* [EXERCISE]:
All lines in the data that hold the word "image" need copying.

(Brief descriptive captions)
___

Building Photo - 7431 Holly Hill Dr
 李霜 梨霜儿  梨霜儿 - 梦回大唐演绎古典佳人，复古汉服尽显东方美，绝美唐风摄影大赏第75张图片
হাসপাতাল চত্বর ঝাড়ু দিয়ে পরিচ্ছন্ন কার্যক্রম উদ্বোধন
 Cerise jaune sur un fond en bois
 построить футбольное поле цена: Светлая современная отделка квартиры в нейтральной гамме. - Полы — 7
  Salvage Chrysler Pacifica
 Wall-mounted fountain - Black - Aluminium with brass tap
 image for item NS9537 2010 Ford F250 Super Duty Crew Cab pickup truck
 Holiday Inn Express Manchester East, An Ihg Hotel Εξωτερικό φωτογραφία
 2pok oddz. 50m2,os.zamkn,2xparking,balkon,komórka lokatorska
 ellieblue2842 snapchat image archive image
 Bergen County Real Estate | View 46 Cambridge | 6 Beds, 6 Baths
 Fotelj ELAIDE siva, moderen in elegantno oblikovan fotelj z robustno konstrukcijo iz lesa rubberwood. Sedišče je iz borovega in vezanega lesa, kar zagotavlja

___

* [OUTPUT OF THE EXERCISE]:
 image for item NS9537 2010 Ford F250 Super Duty Crew Cab pickup truck
 ellieblue2842 snapchat image archive image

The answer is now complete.